A se confirmar a tomada de Mariupol, cidade portuária do sul da Ucrânia, esta será, até agora, a maior vitória do presidente Vladimir Putin na guerra. Os russos não conseguiram conquistar Kharkiv, Chernihiv e muito menos a joia da coroa, a capital Kiev. Mariupol é o prêmio de consolação e dá ao autocrata do Kremlin um trunfo político importante para apresentar ao público doméstico, que, ainda que muito lentamente, começa a questionar a aventura russa no país vizinho - especialmente a elite, incomodada com a demora da "operação militar especial" (o eufemismo de Putin para a guerra) e já sofrendo efeitos das sanções econômicas do Ocidente.
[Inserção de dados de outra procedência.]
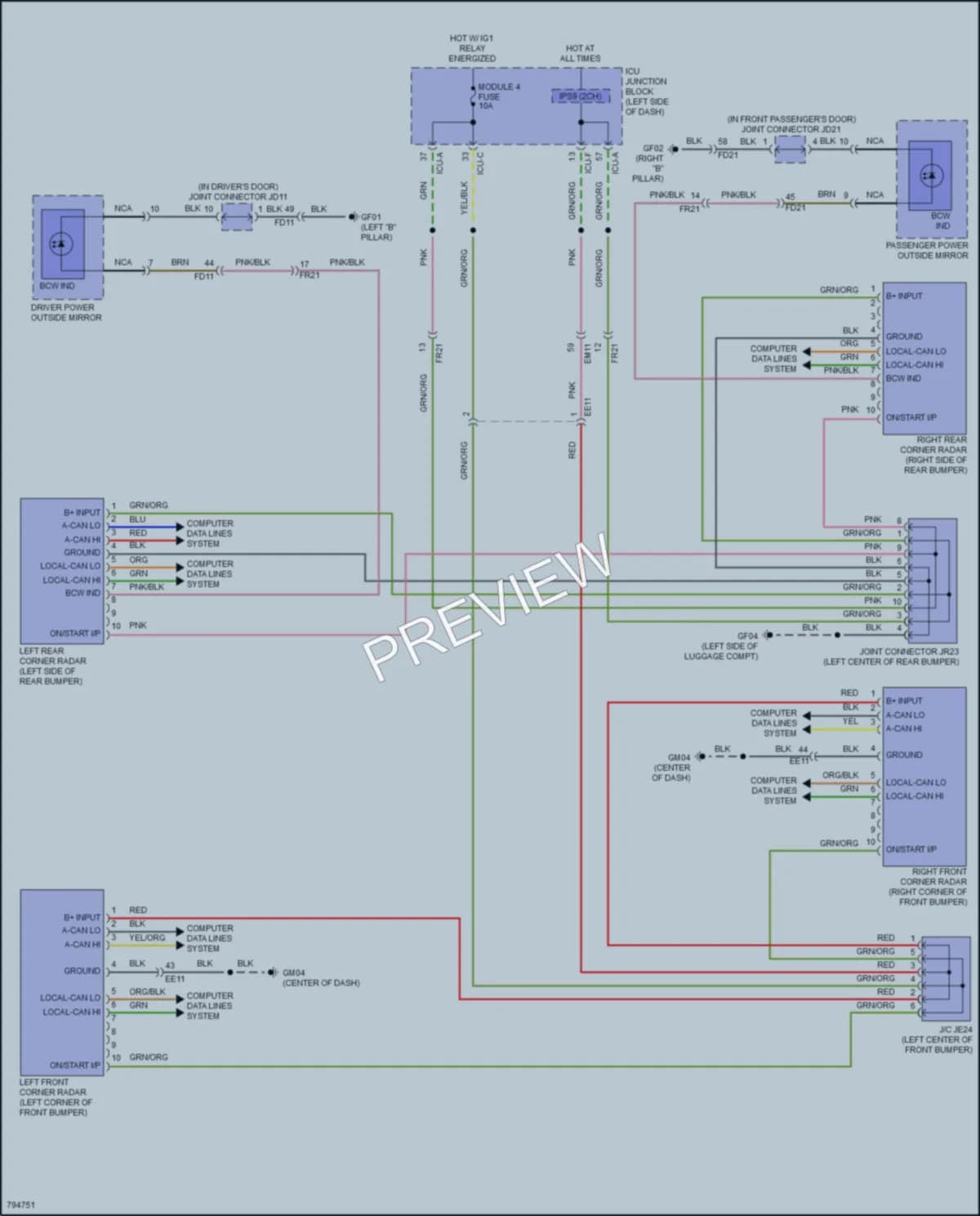 2022 Hyundai Ioniq5 Navigation wiring diagram preview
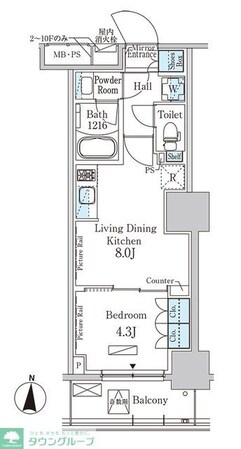 パークアクシス錦糸公園の物件間取画像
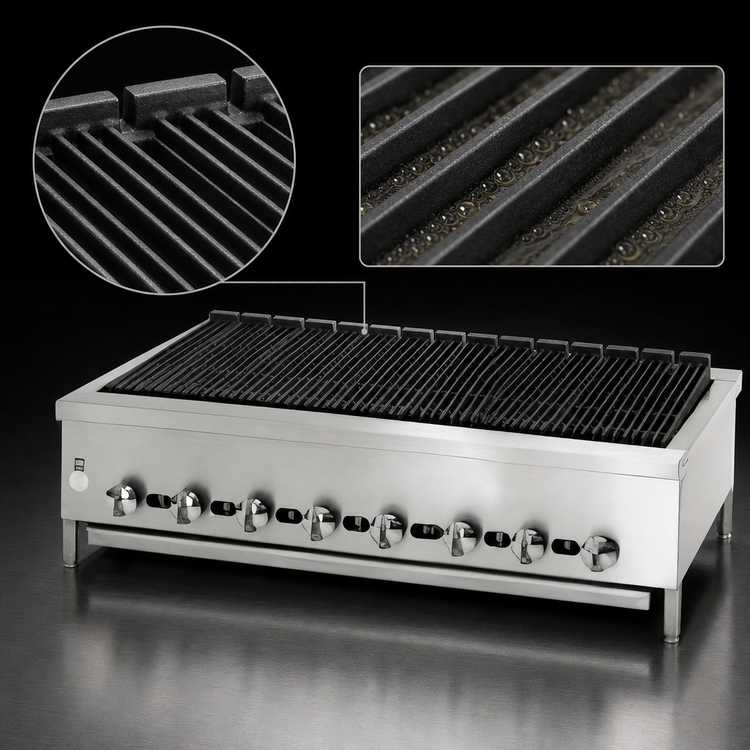 Product image #3 for Jade Range Supreme JB-48 48-Inch Gas Countertop Radiant Charbroiler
Junto com o sucesso do teste com o lançamento do míssil intercontinental RS-28 Sarmat, na quarta-feira (20), a queda de Mariupol dá a Putin um respiro depois de semanas na defensiva e más notícias. Primeiro, o recuo das tropas do Norte, um movimento tático para concentrar foco no Leste da Ucrânia, foi visto como capitulação pelo Ocidente diante da brava resistência em Kiev. Segundo, o naufrágio de seu navio de guerra mais poderoso no Mar Negro, o Moskva, orgulho da marinha de Putin.
O lançamento do míssil de 208 toneladas, capaz de levar provavelmente 15 ogivas nucleares, conhecido no Ocidente pelo sugestivo nome de Satã-2, foi um recado ao ocidente. De novo, Putin jogou a cartada atômica, com o teste completo do mais poderoso armamento do tipo no mundo. Até o local é simbólico: o RS-29 Sarmat foi lançado de um silo em Plesetsk, próximo à Finlândia. Não por acaso, isso tudo ocorreu na mesma semana em que o parlamento desse país iniciou o debate para a adesão à Organização do Tratado do Atlântico Norte (Otan), movimento que, a ser confirmado, levará a nação da Escandinávia a abandonar sua histórica neutralidade.
Mas voltemos a Mariupol, a mais devastadas das cidades ucranianas em quase dois meses de guerra. A conquista só chega depois da destruição total, o que também mostra que o exército de Putin só consegue alcançar um sucesso no campo de batalha subjugando completamente o inimigo. Não há inteligência militar, nesse caso. Só força bruta.
Mariupol é importante estrategicamente para a Rússia, mais do que Kiev, porque abre uma ponte terrestre para ligar o Donbass - onde ficam as áreas separatistas de Donetsk e Luhansk - à Crimeia, península anexada em 2014. Na prática, todo esse naco de terra fica colado ao território russo. Antes da guerra, para se ir da Rússia à Crimeia, era preciso percorrer um conjunto de duas pontes paralelas de 18 quilômetros inaugurado por Putin em 2018 sobre o estreito de Kerch.
Mariupol é um importante centro de exportação de aço, carvão e milho da Ucrânia. A Rússia também neutraliza o acesso ucraniano ao Mar Negro — interrompendo seu comércio marítimo. Sua tomada estrangula o que resta da economia do país em guerra.